Task directions:
With images excluded, write out each entry below exactly as given.

(Source records)
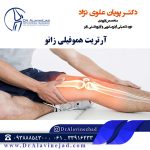 آرتریت هموفیلی زانو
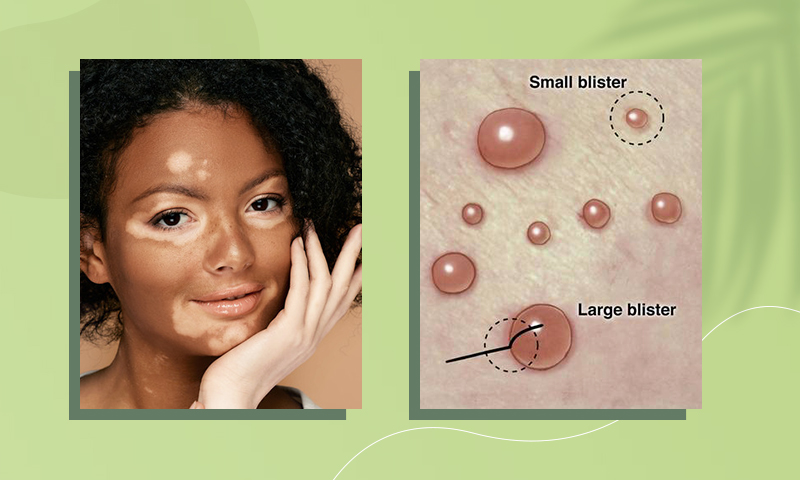 Blister Therapy For Vitiligo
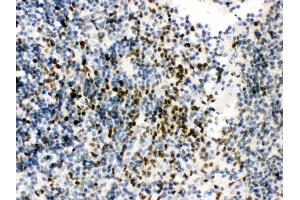 Immunohistochemistry (IHC) image for anti-Runt-Related Transcription Factor 3 (RUNX3) (AA 128-270) antibody (ABIN3043429)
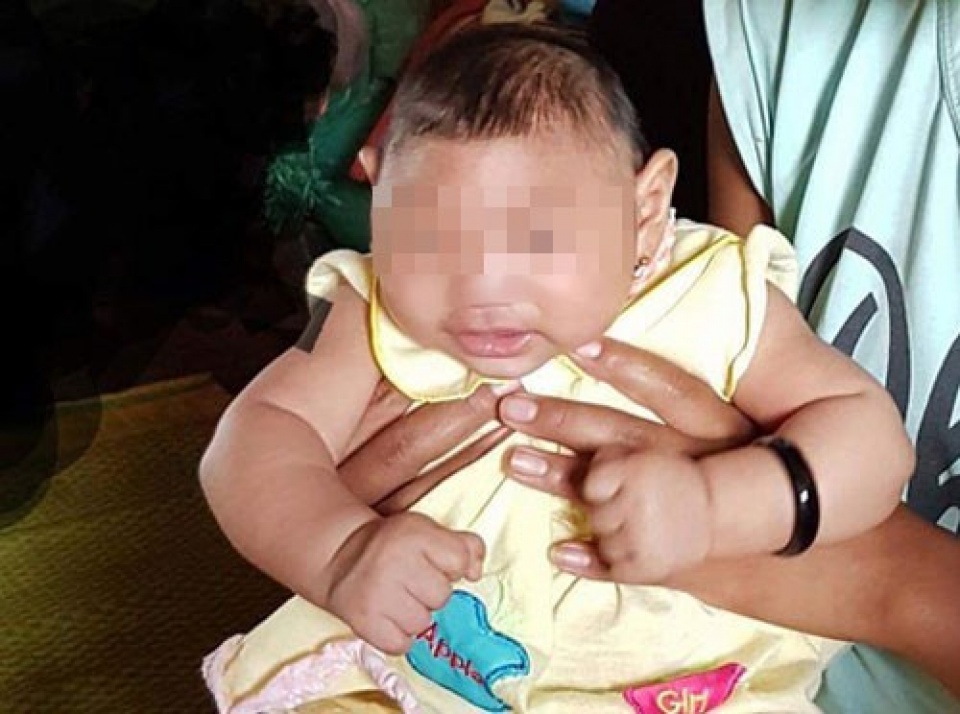 Bé gái 4 tháng tuổi ở Đắk Lắk là ca mắc hội chứng đầu nhỏ do virus Zika đầu tiên tại Việt Nam.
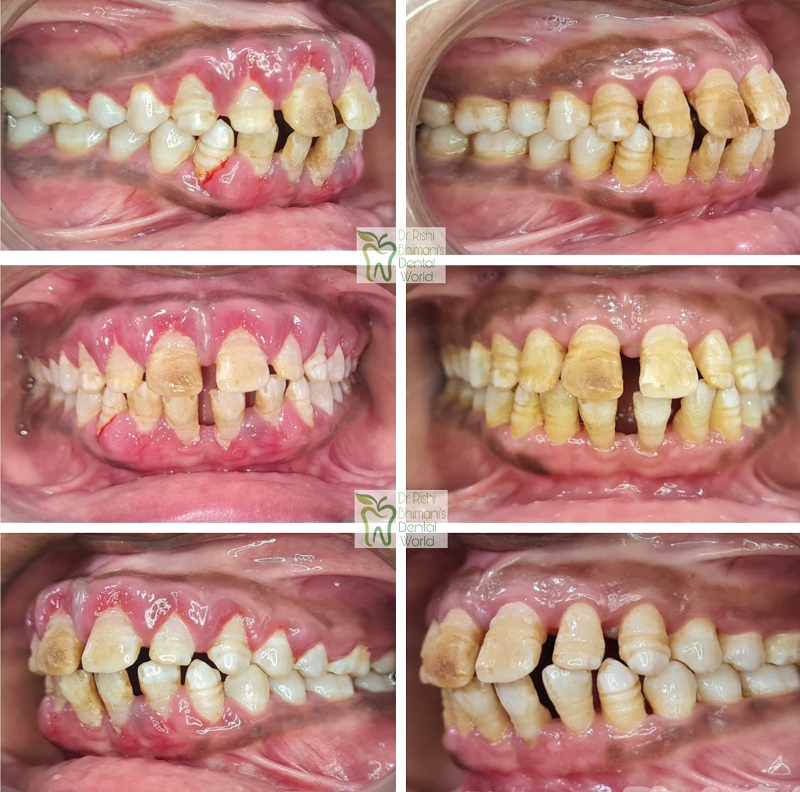 GUMS are the supporting pillars of teeth. Gum d... main image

Solution to this task:
 آرتریت هموفیلی زانو
 Blister Therapy For Vitiligo
 Immunohistochemistry (IHC) image for anti-Runt-Related Transcription Factor 3 (RUNX3) (AA 128-270) antibody (ABIN3043429)
 Bé gái 4 tháng tuổi ở Đắk Lắk là ca mắc hội chứng đầu nhỏ do virus Zika đầu tiên tại Việt Nam.
 GUMS are the supporting pillars of teeth. Gum d... main image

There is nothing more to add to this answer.